Condenado num processo e réu em cinco outros, Lula parece
ter sete vidas políticas, mas vai consumindo uma a uma, com as denúncias de
desvios, escândalos e favorecimento pessoal ilícito. O PT e seus seguidores não
têm mais como atribuir as agruras de Lula na Justiça ao juiz Sérgio Moro ou à
elite malvada, à direita enraivecida ou à mídia parcial.
Quem agora denuncia Lula é Janot, que até pode ser
considerado inimigo de Temer, mas nunca foi chamado de inimigo do petista. E
ele não denunciou apenas Lula, mas também Dilma, o próprio Palocci, mais três
ex-ministros, o ex-tesoureiro do PT Vaccari Neto e a presidente nacional do PT,
Gleisi Hoffmann. E pediu o bloqueio de nada modestos R$ 6,5 bilhões da turma.
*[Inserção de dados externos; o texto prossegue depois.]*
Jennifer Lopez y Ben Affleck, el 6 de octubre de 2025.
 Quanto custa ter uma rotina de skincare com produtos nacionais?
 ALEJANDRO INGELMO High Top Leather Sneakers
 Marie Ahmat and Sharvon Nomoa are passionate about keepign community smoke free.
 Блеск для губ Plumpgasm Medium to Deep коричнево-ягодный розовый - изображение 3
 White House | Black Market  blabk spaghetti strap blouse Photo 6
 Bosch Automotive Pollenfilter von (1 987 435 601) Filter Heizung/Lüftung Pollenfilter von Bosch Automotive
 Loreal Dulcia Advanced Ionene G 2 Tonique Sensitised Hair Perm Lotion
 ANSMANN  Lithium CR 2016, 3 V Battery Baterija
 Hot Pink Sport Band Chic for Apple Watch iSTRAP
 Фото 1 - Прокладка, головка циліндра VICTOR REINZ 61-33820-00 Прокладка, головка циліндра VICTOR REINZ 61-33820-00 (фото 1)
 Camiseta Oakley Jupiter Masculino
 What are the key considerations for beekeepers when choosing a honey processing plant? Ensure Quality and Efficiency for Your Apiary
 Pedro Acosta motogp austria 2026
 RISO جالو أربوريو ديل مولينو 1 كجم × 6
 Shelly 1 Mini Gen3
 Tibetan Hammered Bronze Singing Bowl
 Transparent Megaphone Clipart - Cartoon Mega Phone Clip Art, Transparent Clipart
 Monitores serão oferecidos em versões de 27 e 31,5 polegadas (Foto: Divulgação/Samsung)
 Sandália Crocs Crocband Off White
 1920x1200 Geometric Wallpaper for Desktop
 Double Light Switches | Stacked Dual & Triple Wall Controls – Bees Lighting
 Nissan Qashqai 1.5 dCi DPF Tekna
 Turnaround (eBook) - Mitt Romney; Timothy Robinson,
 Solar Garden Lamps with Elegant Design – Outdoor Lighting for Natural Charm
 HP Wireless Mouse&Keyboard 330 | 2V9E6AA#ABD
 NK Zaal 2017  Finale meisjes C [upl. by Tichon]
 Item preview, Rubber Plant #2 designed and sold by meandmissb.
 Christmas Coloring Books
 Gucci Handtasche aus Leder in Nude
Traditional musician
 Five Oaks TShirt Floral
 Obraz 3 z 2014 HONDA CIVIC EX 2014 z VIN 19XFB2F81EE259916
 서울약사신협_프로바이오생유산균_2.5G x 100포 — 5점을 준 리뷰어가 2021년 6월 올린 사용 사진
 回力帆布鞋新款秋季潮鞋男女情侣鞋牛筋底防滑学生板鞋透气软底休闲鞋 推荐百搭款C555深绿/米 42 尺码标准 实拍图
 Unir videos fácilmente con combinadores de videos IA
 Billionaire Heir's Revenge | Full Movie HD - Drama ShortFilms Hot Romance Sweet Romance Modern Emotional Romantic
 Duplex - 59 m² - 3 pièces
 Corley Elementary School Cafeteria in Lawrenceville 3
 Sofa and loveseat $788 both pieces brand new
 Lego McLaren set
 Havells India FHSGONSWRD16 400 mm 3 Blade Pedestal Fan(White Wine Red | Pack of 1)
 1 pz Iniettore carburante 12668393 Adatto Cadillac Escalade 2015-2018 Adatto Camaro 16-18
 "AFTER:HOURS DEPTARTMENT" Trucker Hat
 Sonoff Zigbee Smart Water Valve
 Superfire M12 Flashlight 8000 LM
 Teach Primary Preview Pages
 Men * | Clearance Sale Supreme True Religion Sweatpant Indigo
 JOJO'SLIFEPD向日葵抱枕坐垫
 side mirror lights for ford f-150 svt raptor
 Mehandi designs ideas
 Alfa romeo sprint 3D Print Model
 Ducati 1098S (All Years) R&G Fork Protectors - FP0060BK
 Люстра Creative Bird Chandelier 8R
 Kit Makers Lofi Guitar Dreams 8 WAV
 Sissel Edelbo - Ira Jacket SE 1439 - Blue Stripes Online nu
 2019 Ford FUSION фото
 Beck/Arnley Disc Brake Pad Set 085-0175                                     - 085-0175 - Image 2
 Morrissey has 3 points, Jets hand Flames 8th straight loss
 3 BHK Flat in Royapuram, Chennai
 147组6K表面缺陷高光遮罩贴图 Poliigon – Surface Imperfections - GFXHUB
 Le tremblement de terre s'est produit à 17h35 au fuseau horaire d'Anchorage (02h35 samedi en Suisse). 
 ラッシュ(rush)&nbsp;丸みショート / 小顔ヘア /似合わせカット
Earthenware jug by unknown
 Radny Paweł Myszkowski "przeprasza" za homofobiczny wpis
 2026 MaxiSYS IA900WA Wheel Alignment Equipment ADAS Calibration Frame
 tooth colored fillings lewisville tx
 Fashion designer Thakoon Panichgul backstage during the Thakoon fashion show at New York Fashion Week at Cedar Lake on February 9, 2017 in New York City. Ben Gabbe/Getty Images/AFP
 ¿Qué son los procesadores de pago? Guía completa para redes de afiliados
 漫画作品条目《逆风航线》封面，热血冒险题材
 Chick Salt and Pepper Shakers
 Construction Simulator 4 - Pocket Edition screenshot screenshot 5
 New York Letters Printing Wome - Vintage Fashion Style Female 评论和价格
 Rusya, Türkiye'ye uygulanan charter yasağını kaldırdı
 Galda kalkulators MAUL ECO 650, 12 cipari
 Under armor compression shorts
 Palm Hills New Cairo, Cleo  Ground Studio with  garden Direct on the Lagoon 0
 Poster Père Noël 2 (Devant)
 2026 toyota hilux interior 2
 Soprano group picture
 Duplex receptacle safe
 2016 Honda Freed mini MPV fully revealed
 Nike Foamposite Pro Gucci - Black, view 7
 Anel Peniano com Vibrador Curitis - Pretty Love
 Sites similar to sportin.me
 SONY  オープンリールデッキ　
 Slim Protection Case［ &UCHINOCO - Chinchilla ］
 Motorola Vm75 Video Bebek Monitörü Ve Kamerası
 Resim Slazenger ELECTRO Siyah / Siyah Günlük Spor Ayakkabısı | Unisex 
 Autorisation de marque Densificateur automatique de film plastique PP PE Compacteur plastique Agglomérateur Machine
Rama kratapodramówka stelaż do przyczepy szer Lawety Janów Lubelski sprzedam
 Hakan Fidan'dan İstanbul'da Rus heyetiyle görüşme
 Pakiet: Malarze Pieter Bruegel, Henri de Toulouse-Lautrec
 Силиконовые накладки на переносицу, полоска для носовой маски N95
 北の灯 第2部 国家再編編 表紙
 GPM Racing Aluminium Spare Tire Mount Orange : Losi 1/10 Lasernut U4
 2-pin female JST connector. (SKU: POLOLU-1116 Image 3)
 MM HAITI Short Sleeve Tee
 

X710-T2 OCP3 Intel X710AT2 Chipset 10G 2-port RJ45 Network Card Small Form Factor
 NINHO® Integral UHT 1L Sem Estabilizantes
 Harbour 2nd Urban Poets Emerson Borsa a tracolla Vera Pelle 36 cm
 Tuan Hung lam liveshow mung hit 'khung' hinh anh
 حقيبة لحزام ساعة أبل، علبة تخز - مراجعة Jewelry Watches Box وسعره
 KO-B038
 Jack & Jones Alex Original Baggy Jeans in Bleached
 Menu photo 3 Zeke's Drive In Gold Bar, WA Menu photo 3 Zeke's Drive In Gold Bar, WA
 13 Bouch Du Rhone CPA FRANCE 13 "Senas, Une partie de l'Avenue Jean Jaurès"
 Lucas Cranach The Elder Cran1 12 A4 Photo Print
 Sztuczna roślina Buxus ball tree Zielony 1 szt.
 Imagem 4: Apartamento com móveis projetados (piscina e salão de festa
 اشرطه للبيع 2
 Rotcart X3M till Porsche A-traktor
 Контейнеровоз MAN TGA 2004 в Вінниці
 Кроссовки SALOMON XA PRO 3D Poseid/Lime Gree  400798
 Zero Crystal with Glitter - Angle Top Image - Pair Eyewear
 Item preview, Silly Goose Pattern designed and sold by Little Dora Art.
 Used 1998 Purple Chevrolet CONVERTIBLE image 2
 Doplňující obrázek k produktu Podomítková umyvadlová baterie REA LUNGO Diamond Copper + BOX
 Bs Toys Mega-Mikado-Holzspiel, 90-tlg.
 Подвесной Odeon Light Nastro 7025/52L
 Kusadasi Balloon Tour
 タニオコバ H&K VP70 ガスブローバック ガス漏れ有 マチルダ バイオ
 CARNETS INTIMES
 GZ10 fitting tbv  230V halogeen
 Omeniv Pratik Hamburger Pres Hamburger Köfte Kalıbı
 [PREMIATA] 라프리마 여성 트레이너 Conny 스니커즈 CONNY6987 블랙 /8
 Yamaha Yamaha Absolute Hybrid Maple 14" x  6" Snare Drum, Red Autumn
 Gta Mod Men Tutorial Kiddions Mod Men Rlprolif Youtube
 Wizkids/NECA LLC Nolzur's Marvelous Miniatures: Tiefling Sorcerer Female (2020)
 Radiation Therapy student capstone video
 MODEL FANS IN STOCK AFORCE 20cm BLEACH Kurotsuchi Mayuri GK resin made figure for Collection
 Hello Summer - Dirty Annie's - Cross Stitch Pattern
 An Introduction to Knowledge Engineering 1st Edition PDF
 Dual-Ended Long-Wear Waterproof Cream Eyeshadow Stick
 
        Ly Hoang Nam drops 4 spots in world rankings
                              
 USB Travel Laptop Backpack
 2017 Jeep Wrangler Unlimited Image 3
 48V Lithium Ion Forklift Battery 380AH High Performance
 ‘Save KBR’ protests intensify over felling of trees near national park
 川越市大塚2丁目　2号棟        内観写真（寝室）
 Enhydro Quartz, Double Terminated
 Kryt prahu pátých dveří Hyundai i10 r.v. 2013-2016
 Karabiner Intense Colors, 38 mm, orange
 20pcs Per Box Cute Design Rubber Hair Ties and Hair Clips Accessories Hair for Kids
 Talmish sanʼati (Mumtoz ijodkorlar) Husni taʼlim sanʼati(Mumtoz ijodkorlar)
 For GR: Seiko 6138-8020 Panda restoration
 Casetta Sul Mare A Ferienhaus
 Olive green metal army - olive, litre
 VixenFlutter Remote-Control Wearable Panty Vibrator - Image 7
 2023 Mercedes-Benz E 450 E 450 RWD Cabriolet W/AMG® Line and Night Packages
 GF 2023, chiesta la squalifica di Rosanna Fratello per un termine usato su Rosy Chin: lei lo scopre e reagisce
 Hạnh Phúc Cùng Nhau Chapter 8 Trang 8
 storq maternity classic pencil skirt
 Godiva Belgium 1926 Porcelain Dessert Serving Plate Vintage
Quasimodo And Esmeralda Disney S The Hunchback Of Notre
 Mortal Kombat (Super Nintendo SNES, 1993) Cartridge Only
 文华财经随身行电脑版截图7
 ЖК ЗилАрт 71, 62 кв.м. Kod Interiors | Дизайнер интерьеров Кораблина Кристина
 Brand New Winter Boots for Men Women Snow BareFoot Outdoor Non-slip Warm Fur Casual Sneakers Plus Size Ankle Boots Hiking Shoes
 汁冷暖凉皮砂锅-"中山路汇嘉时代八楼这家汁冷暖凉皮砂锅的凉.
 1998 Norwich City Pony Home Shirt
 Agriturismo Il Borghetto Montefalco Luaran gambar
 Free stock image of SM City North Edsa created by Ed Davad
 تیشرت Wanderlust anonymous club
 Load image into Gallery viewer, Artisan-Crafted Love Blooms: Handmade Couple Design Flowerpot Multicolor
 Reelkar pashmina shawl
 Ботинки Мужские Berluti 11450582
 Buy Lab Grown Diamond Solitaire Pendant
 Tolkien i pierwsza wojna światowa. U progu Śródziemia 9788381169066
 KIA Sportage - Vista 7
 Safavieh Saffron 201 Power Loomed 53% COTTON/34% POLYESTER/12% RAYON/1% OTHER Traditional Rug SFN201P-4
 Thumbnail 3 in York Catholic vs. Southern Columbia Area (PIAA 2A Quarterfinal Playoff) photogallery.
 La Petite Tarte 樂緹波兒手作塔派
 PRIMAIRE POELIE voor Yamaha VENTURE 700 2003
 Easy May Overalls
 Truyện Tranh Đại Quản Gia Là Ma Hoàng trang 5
E quem está contando os podres de Lula e o PT é Palocci,
legítimo representante da elite, mas da elite do PT e dos governos Lula e
Dilma, dos quais, aliás, caiu estrondosamente – e por suspeitas de corrupção.
Logo, Palocci participou de tudo e sabe bem como as coisas funcionavam. Já
imaginaram uma acareação pública entre Lula e Palocci?!
Lula está gravemente baleado e vai perdendo seu discurso
de vítima e sua eterna condição de inimputável. Com um detalhe: desde o início,
inclusive aqui neste espaço, falou-se que Antonio Palocci não é um José Dirceu.
Há um gap de ideologia, de compromisso, talvez de caráter. Dirceu tem aguentado
firme e forte, mas Palocci iria cair mais cedo ou mais tarde. Aliás, como Guido
Mantega, o próximo a abrir a boca.
A balança entre Temer e Joesley Batista também inverteu.
Se Joesley armou uma armadilha para Temer e quase derrubou um presidente da
República, é a vez de Temer assistir, de camarote, à desgraça do seu algoz, com
o sabor extra de sentir a aflição de Janot, que agora flecha e é flechado.
A conversa asquerosa com Ricardo Saud revela um Joesley
simplório, mas megalomaníaco. Tinha certeza de que jamais seria preso, ameaçava
“moer” o Executivo e o Judiciário e gabava-se de comprar qualquer um, mas deve
ser preso, sim, como pede o ministro do STF Luiz Fux, está sendo moído pela PGR
que manipulou e servido de bandeja para a opinião pública. O ex-poderoso
Joesley virou uma ilha, cercado por todos os lados. Tudo o que disser, daqui em
diante, será usado contra ele.
Temer tem 15 minutos de alívio, mas deve ser prudente.
Nenhuma imagem foi tão avassaladora, em três anos e meio de Lava Jato, quanto o
apartamento cheio de malas e caixas com R$ 51 milhões – R$ 51 milhões! – do seu amigo e
ex-ministro Geddel Vieira Lima. Geddel foi vice-presidente da CEF no governo
Dilma, mas sua identificação pública e política é com Temer. A mala de dinheiro
do ex-assessor Rocha Loures já fez bom estrago na imagem do presidente. Imagine-se
um apartamento de dinheiro do ex-ministro Geddel? Na próxima semana, as flechas
de Janot devem se voltar de novo contra Temer, seu alvo preferencial.